### Data excerpts
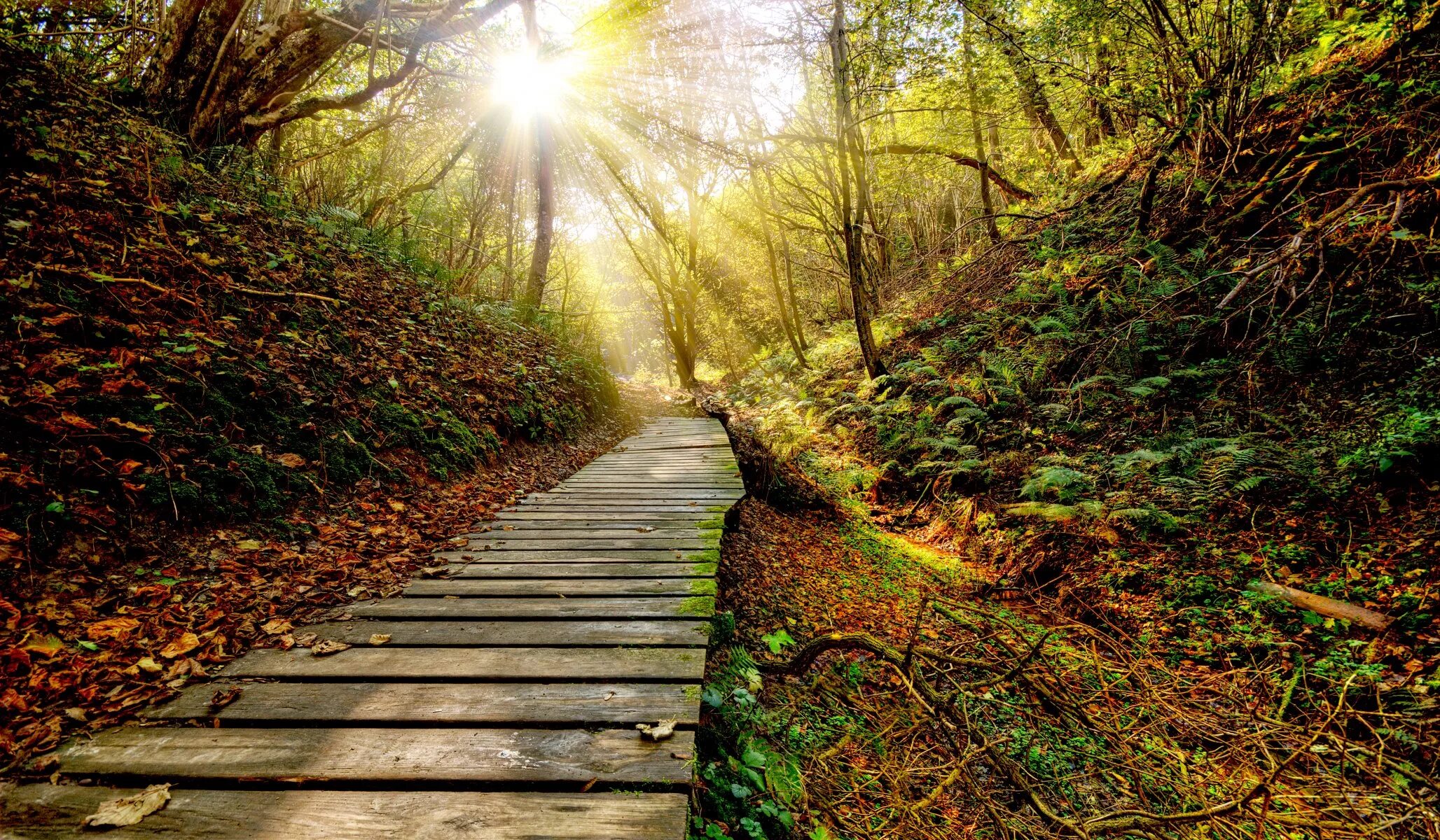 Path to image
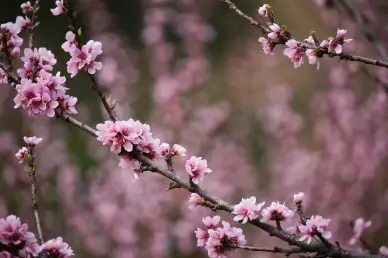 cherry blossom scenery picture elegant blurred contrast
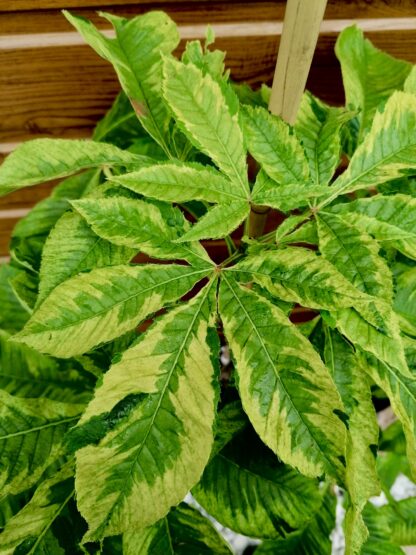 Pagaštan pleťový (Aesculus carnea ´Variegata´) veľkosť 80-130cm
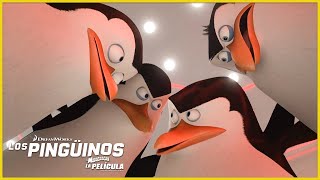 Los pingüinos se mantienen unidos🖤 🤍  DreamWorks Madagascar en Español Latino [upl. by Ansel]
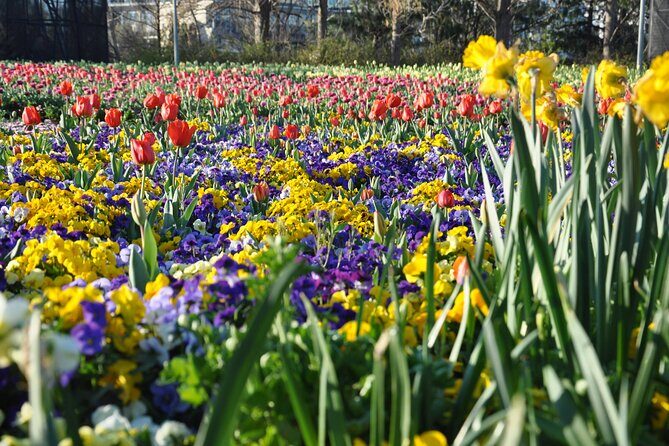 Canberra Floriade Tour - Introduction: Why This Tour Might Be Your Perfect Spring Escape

### Goal of the exercise
Copy out exactly the lines between the line containing "cherry blossom scenery" and the end of the entries, including both, and leave the pictures behind.

### Expected answer
 cherry blossom scenery picture elegant blurred contrast
 Pagaštan pleťový (Aesculus carnea ´Variegata´) veľkosť 80-130cm
 Los pingüinos se mantienen unidos🖤 🤍  DreamWorks Madagascar en Español Latino [upl. by Ansel]
 Canberra Floriade Tour - Introduction: Why This Tour Might Be Your Perfect Spring Escape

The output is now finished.